◆ INSTRUCTIONS FOR THE TASK:
No pictures, please. Output the lines from the start of the data through the line that contains "Duas mãos mostrando", both included, exactly as they stand.

◆ INPUT DATA:
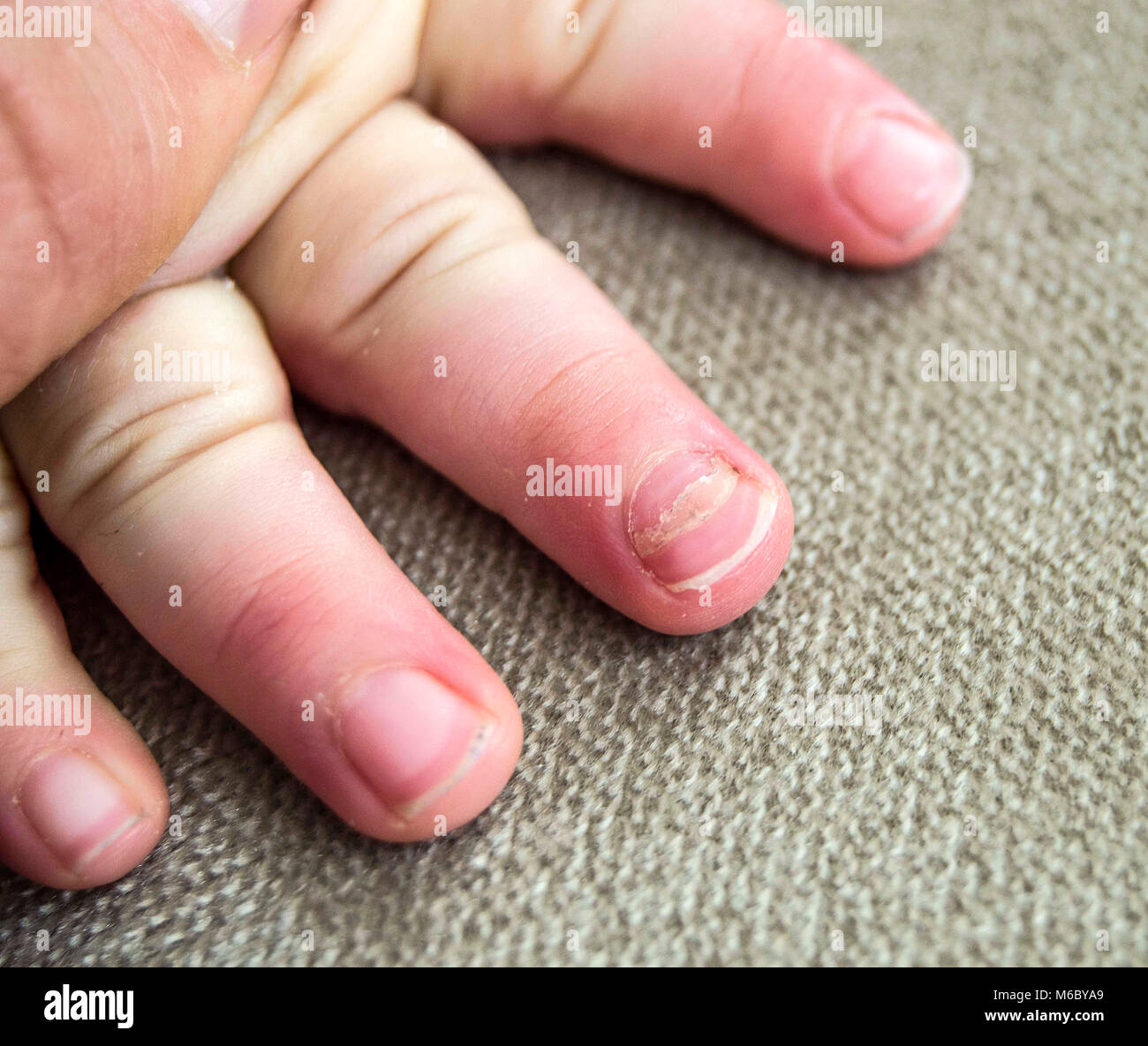 The Nail Regrowth In Children Nail Drop In Babies Re Emergence Of Hand Nails Hand Foot Disease And Nail Drop Stock Photo Alamy The Nail Regrowth In Children Nail Drop In Babies Re Emergence Of Hand Nails Hand Foot Disease And Nail Drop Stock Photo Alamy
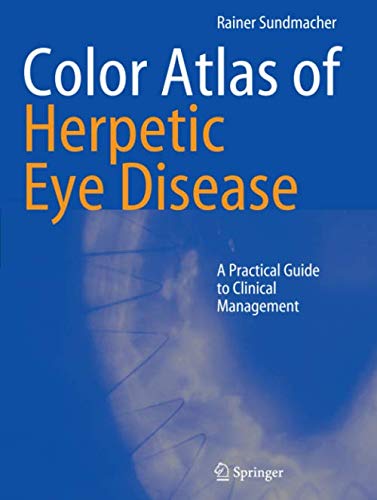 Color Atlas of Herpetic Eye Disease: A Practical Guide to Clinical Management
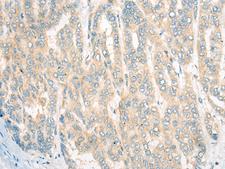 CDKAL1 Antibody - Immunohistochemistry of paraffin-embedded Human liver cancer tissue  using CDKAL1 Polyclonal Antibody at dilution of 1:60(×200)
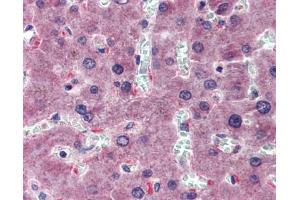 HYAL1 antibody was used for immunohistochemistry at a concentration of 4-8 ug/ml. (HYAL1 抗体  (N-Term))
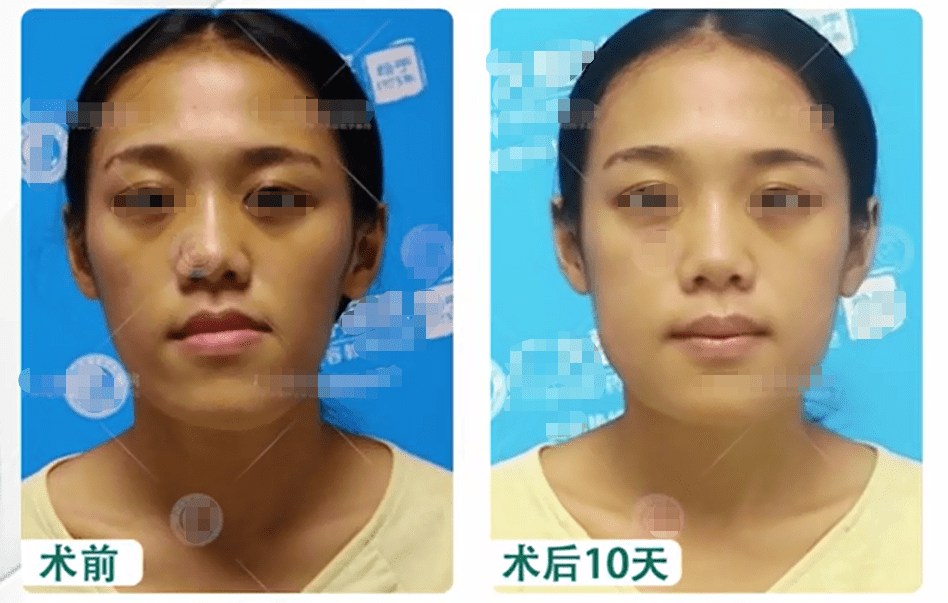 地包天脸型不对称重度自卑的我做完正颌后悔了
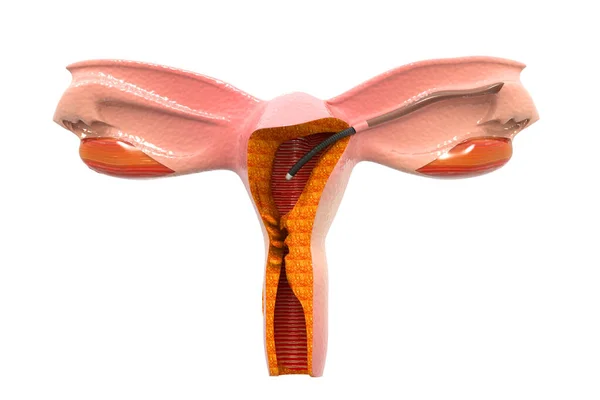 Sistema Reproductivo Femenino Tubo Falopio Renderizar — Foto de Stock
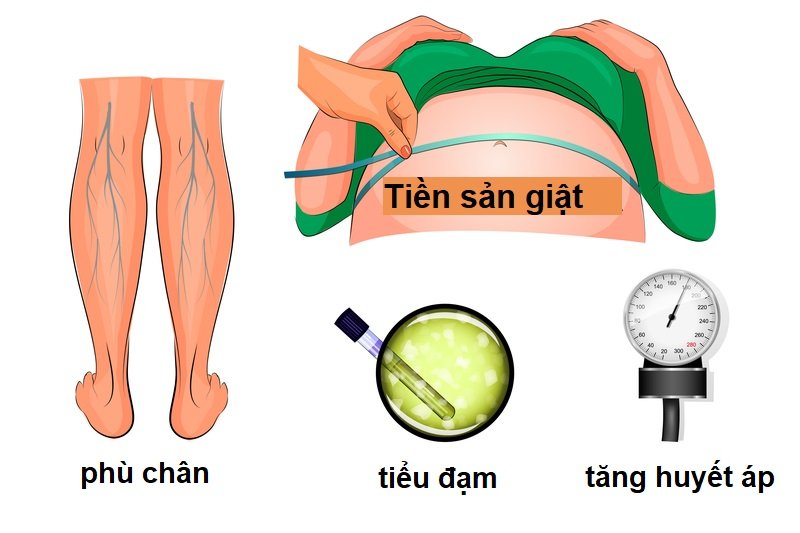 tiền sản giật 2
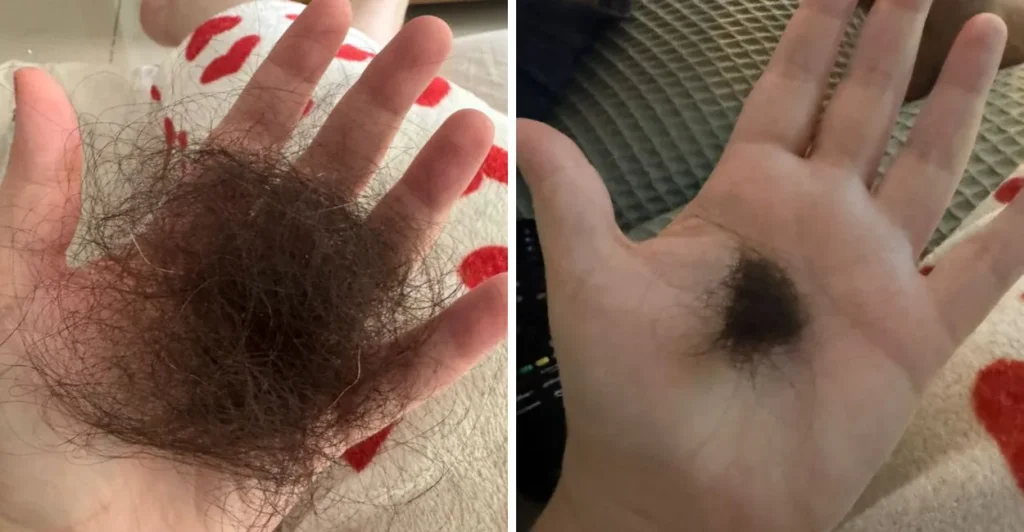 Duas mãos mostrando fios de cabelo que caíram, exemplo de queda de cabelo no eflúvio telógeno
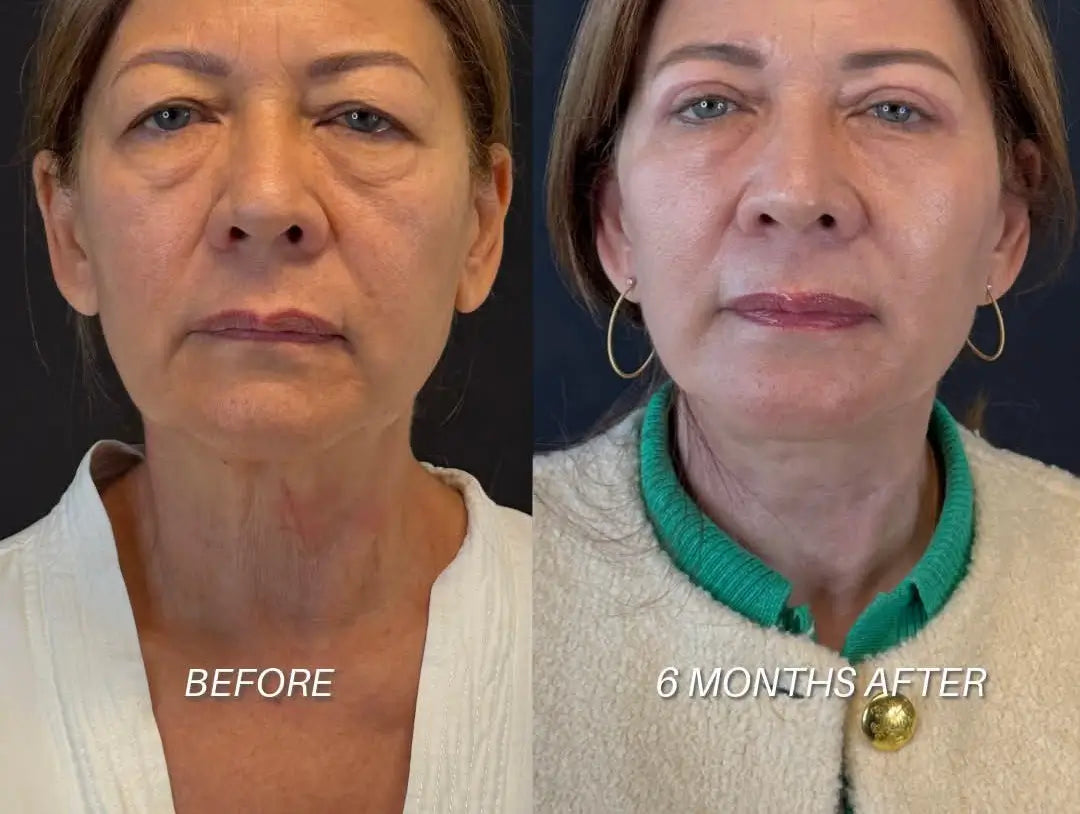 Before and after facial comparison of a woman, showing skin improvement over 6 months. The left side is labeled 'BEFORE' and the right side '6 MONTHS AFTER'.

◆ REPLY TO THE TASK:
 The Nail Regrowth In Children Nail Drop In Babies Re Emergence Of Hand Nails Hand Foot Disease And Nail Drop Stock Photo Alamy The Nail Regrowth In Children Nail Drop In Babies Re Emergence Of Hand Nails Hand Foot Disease And Nail Drop Stock Photo Alamy
 Color Atlas of Herpetic Eye Disease: A Practical Guide to Clinical Management
 CDKAL1 Antibody - Immunohistochemistry of paraffin-embedded Human liver cancer tissue  using CDKAL1 Polyclonal Antibody at dilution of 1:60(×200)
 HYAL1 antibody was used for immunohistochemistry at a concentration of 4-8 ug/ml. (HYAL1 抗体  (N-Term))
 地包天脸型不对称重度自卑的我做完正颌后悔了
 Sistema Reproductivo Femenino Tubo Falopio Renderizar — Foto de Stock
 tiền sản giật 2
 Duas mãos mostrando fios de cabelo que caíram, exemplo de queda de cabelo no eflúvio telógeno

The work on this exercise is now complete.